The “>>” in the Command Window is the prompt, indicating that MATLAB is in a ready state. After entering a command following the prompt and pressing the Enter key, MATLAB will provide the calculation results or corresponding error/warning messages, and then enter the ready state again. When MATLAB displays the prompt “K>>” in the Command Window, it indicates that it is currently in debug mode; typing “dbquit” returns it to normal mode. In the MATLAB Student Version, the prompt displayed is “EDU>>”.
1. Using the Command Line
You can enter data or run functions after the command prompt.
[Example 1] Data input example.
>> A = [1 2 3; 4 5 6; 7 8 10]
After entering the 3*3 matrix A and pressing the Enter key, the corresponding command will run, completing the data input, resulting in:
A =
1 2 3
4 5 6
7 8 10
It should be noted that MATLAB is case-sensitive. For example, in this case, the matrix is assigned to the variable A, not the variable a.
Additionally, in MATLAB 2014b, users can copy commands from other places (web pages or electronic documents) and paste them into the command line to run. This is achievable in other languages as well, but MATLAB clearly does it better; it humanizes the process by automatically removing the command prompt from the beginning of each line in multi-line commands (the command prompt must have a space for recognition), allowing users to run without having to copy each line carefully and avoid the command prompt. This makes it much easier for users to verify results while reading other electronic materials.

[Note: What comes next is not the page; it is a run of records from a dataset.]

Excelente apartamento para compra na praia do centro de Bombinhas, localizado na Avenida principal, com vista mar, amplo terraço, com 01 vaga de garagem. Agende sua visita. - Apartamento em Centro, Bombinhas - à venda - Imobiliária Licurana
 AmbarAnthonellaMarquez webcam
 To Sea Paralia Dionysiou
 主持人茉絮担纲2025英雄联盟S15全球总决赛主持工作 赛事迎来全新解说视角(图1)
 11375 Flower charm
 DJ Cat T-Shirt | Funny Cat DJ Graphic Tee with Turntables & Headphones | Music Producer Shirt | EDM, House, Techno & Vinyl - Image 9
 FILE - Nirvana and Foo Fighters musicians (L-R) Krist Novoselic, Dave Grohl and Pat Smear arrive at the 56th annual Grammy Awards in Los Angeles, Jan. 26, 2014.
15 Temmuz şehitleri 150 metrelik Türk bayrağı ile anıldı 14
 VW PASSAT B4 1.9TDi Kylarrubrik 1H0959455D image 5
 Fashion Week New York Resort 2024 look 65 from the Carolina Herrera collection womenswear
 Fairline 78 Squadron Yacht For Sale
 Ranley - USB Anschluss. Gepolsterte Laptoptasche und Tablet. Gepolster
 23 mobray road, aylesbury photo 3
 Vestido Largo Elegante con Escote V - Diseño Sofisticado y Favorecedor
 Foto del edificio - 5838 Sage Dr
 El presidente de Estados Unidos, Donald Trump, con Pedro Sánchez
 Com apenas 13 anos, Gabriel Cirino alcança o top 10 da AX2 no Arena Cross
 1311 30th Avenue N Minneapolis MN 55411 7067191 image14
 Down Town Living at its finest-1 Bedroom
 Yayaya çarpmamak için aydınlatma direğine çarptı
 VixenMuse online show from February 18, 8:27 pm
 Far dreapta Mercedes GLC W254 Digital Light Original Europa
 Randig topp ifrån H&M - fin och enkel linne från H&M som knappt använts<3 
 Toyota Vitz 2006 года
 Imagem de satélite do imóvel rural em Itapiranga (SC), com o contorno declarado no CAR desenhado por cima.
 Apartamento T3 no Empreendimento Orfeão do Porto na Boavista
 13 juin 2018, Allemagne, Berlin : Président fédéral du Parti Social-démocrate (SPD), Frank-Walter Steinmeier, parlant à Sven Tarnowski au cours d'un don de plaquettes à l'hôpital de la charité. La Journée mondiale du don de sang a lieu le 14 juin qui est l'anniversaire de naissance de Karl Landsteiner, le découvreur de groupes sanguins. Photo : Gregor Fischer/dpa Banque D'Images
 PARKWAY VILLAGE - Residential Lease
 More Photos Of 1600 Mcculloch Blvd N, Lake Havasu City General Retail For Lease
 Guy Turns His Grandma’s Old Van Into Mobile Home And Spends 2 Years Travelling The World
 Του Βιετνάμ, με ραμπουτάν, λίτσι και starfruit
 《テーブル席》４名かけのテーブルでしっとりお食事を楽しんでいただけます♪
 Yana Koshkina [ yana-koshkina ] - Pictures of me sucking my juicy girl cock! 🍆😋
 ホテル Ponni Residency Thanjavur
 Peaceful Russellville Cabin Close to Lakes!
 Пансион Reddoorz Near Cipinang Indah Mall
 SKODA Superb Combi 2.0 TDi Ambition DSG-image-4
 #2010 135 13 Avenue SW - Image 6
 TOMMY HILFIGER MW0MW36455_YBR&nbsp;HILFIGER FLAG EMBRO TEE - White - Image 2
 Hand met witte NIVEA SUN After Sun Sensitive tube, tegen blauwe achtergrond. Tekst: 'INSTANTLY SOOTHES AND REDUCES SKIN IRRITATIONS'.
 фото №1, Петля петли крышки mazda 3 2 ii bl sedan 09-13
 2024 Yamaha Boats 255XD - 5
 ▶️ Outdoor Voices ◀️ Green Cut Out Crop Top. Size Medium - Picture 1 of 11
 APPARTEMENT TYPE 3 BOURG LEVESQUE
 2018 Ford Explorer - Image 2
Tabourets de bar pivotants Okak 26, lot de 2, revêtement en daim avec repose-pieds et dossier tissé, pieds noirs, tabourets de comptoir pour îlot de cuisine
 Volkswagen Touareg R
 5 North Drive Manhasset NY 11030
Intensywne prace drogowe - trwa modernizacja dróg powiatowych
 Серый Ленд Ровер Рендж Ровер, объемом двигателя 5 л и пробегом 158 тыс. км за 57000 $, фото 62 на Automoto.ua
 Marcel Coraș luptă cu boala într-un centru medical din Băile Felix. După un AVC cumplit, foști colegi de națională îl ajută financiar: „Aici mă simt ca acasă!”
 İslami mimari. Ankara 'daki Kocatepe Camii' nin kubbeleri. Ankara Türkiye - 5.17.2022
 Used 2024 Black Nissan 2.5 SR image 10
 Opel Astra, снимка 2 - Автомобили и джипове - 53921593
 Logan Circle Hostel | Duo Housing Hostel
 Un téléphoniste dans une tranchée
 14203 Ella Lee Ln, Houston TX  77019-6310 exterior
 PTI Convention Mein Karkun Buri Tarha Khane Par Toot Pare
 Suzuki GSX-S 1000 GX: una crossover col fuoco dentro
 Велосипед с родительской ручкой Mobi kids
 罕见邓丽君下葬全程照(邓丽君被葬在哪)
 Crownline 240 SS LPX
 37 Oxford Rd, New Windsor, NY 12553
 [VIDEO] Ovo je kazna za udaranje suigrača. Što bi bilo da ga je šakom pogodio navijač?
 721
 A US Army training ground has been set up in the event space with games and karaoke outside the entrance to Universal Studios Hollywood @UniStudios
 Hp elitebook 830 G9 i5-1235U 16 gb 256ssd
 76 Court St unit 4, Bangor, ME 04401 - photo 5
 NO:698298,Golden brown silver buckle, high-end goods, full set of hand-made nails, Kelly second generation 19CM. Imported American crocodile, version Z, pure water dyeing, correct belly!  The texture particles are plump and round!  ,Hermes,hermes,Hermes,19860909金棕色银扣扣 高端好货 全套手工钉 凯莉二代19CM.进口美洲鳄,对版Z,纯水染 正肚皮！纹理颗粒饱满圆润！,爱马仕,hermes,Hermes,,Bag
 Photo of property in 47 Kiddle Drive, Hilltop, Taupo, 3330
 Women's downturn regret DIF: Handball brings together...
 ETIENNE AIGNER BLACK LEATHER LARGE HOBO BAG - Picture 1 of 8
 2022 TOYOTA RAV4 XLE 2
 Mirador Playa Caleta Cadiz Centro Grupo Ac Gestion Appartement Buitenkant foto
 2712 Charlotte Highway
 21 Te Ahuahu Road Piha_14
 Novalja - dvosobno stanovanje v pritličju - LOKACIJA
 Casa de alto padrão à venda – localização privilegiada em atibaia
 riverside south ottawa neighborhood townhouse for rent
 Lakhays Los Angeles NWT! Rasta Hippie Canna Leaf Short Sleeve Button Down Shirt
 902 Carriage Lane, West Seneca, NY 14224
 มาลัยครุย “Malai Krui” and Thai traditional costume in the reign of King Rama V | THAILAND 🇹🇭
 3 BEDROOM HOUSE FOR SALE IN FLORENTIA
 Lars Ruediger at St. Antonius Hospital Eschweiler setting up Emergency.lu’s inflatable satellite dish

[Example 2] Arithmetic operation example. Calculate the result of the expression 29*(2+23/3)-52.
Enter the following command in the command line and press Enter to get the corresponding result.
>> 29*(2+23/3)-5^2
ans =
255.3333
Since the user did not specify a variable name for the return value, MATLAB returns the result to the default variable name ans.
If you want to run a built-in or user-defined function, that function must be in the current directory or in MATLAB’s search path. By default, built-in functions are in the search path, and readers can run them directly. Input the function and its variables and press Enter, and MATLAB will display the corresponding results.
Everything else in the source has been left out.